Shea Tuberty, PhD, wearing a dark blue sweater, in front of a black background

Shea Tuberty, PhD

Department of Biology, Appalachian State University

He / Him / His

Dr. Tuberty received his B.A. at Vanderbilt Univ and M.S. and PhD at Tulane Univ and teaches Ecotoxicology, Invertebrate Zoology, Biological Concepts, and field courses in Belize, New Zealand and Australia at Appalachian State Univ in Boone, NC. The Tuberty Lab (including high school, undergraduate, & M.S. students) is focused on a variety of interests related to southeastern ecotoxicology, ecophysiology and aquatic ecology issues. At the root of our efforts is a passion for sustainable management of water resources. In recent years we have worked on the endocrine disrupting effects of sewage effluents on fish, industrial poultry and hog waste soil amendment practices on soil and water quality, impacts of coal ash spills on water quality and aquatic community assemblages, toxin bioaccumulation, impacts of local toxin spills (e.g.

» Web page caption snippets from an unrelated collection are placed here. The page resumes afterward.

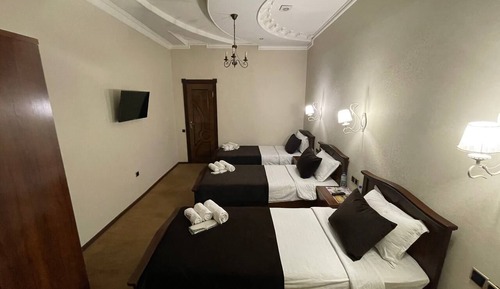 Deluxe Triple Room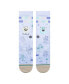 Фото #2 товара Men's and Women's Monsters, Inc. FreshTek Crew Socks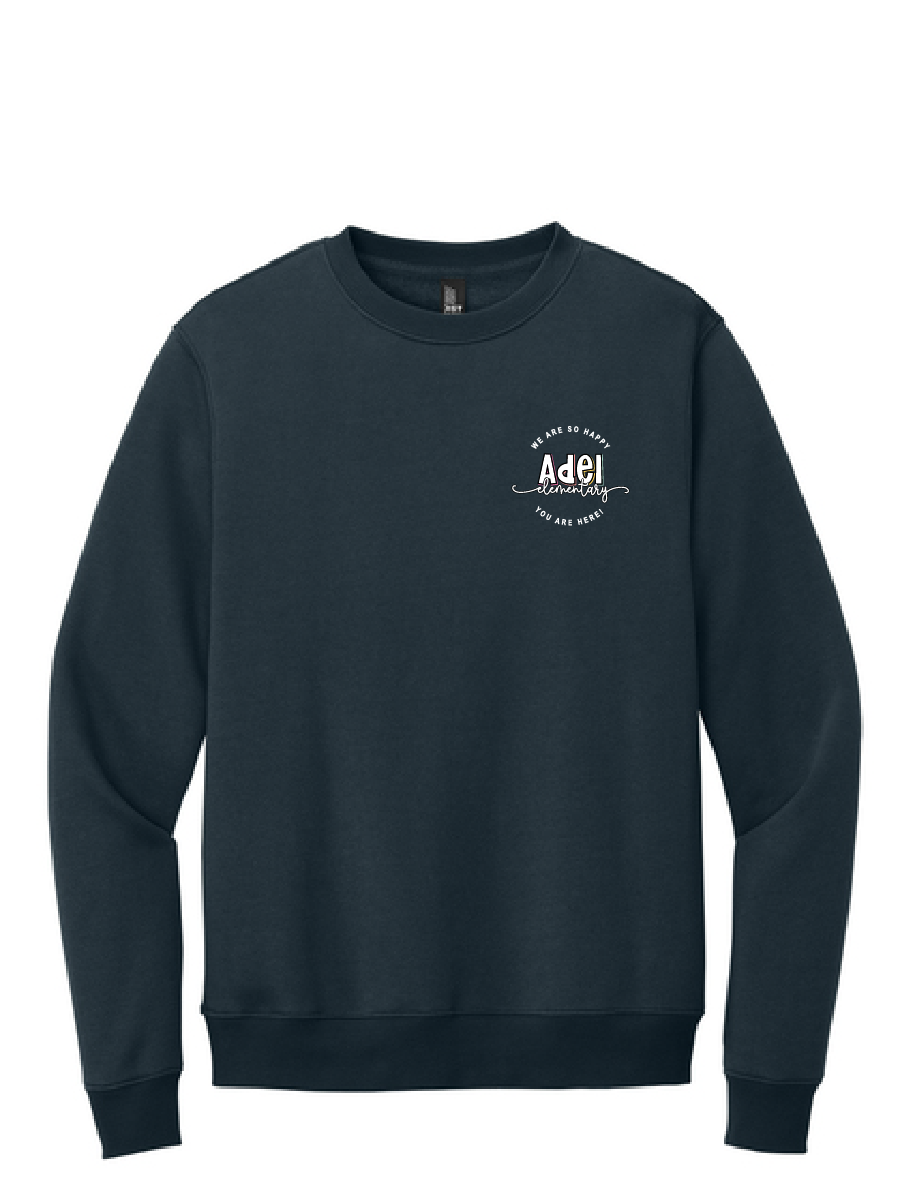 Adel Elementary Staff Shirts - Sizes XS to 4XL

NaOH, insecticides, coal tar asphalt resealants, coal ash), stream restoration/dam removal projects and stream recovery, and are very involved in the North American SETACCarolinas SETAC conferences

Zhen Wang wearing a dark blue denim jacket over a red shirt

Zhen Wang, PhD Candidate

Earth & Climate Sciences, Duke University

He / Him / His

Mr. Wang is an environmental geochemist. He received his B.S. and M.S. in China in June 2015 and 2018, respectively. He then began his Ph.D. studies at Duke University since August 2018. By using geochemical and isotopic tools, his research focuses on tracing the impacts of coal ash and its associated metal(loid) contaminants on both terrestrial and aquatic environments. Ms. Wang also studies the persistent pollution of Pb and other hazardous metal(loid)s in both pristine and urban environments and its implications for human health. He has published 13 peer-reviewed papers in high-impact journals including Environmental Science & Technology, Environmental Science & Technology Letters, Science of the Total Environment, and Global Biogeochemical Cycles.